Pytorch performance concern

Since Pytorch is in Python, inevitably the code will involve some Python overhead compared C++ code.

For example, with the data loading utility from Pytorch, we could code up a data-loader to load our data, be it text or image etc.
But what I observed is this Python data-loader is unbelievably slow than my C++ loader, since my dataset is huge, I cannot load it all into memory,so I have to iterate this dataset chunk-by-chunk, one by one epoch.

The slow data-loading in Python is un-tolerable, which also makes me think even if I fully load the data into memory, the network training Python code will also bring in substantial overhead.

BTW, in order to speed up the data-loading, should I discard this Python data-loader, and write Py-wrapper over my C++ loader?

Have you tried a few settings for the DataLoader, e.g. changing num_workers, using pin_memory etc.?

If so, what kind of data do you have and how large is the difference in loading time?

Not yet, will have a try.

But still wonder, to match my C++ loading performance, Python DataLoader would have to spare more than one workers or even set these advanced options such as pin_memory?

Well, I don’t know, what kind of data you are dealing with, and how you are loading it.
Based on the type of data, you could probably tune the Python code even more.

Using multiple processes to load your data gives you the advantage, that the next batch might be ready waiting for the GPU to finish its current operation.
I’m not sure, how you are dealing with this in your C++ code, but if it’s sequential, you’ll have to wait for the data loading to finish, before you can push it onto the GPU, which might kill your speed advantage.

Also, with pin_memory=True you’ll save some unnecessary copying between pageable and pinned memory, when you would like to use the GPU.

1 Like

Well, I couldn’t help asking this, my textual data is structured, and no matter the loading is in C++ or Pytorch's Dataset, the loaded lines have to be parsed.
As tested, C++ loading (single thread) is much faster (like 10x) than the Python data-loader (single worker), maybe increase num_worker could help some, but do you think if it’s advisable to just plugin the C++ loader (py wrapped) into my pipeline?

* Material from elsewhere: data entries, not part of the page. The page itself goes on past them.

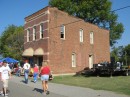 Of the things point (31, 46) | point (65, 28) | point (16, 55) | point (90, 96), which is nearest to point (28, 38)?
point (31, 46)

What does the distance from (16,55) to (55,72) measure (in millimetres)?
28494

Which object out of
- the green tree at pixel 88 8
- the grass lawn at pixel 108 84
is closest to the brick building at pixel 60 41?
the grass lawn at pixel 108 84

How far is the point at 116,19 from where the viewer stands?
64.4m

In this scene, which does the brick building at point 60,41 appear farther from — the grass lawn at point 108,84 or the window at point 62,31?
the grass lawn at point 108,84

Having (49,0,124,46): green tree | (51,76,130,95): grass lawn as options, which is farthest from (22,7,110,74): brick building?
(49,0,124,46): green tree

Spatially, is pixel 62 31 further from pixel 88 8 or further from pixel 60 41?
pixel 88 8

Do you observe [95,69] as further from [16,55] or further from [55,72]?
[16,55]

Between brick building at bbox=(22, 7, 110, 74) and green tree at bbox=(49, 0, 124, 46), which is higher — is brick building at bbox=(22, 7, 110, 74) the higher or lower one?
the lower one

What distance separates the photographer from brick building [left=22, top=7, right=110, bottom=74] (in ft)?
115

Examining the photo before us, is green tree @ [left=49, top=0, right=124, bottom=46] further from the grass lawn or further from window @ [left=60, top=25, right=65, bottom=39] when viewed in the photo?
the grass lawn

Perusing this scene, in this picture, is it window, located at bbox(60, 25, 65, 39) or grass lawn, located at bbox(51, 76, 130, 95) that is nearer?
grass lawn, located at bbox(51, 76, 130, 95)

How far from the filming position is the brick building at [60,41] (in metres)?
35.0

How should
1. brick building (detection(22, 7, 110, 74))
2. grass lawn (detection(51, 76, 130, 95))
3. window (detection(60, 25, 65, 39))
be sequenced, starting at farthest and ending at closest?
1. window (detection(60, 25, 65, 39))
2. brick building (detection(22, 7, 110, 74))
3. grass lawn (detection(51, 76, 130, 95))

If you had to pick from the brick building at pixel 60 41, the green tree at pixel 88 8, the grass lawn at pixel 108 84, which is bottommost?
the grass lawn at pixel 108 84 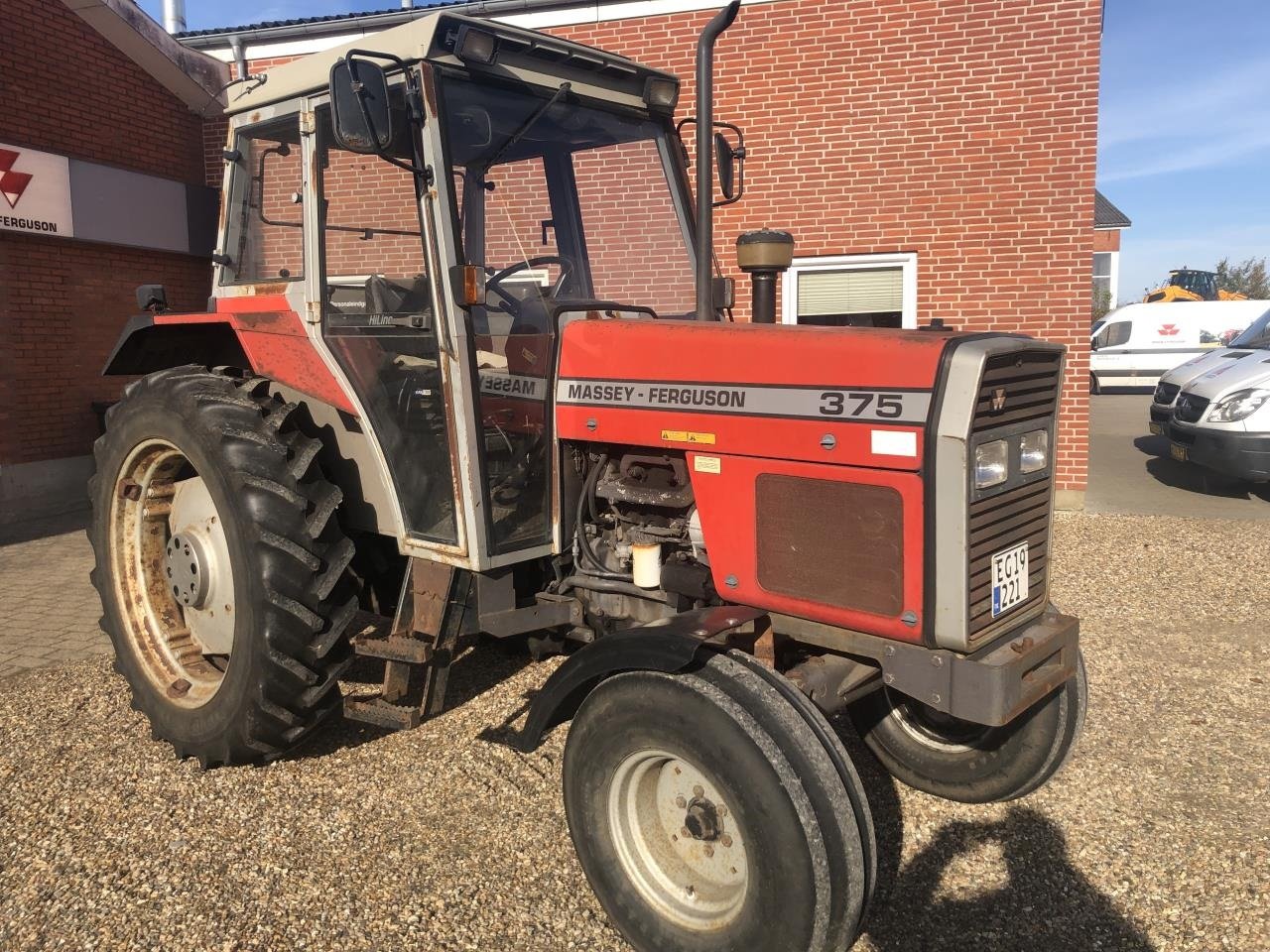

Maybe it’ll give you some performance advantage, but you should definitely check, if it’s the bottleneck in your application.
It’s always annoying to fine tune some methods when the bottleneck is somewhere else.
You could have a look at torch.utils.bottleneck to check your model code.

To time your DataLoader you could have a look at the imagenet example.

Also, how are you currently loading your text data in pytorch? It might help to save it as a hdf5 file.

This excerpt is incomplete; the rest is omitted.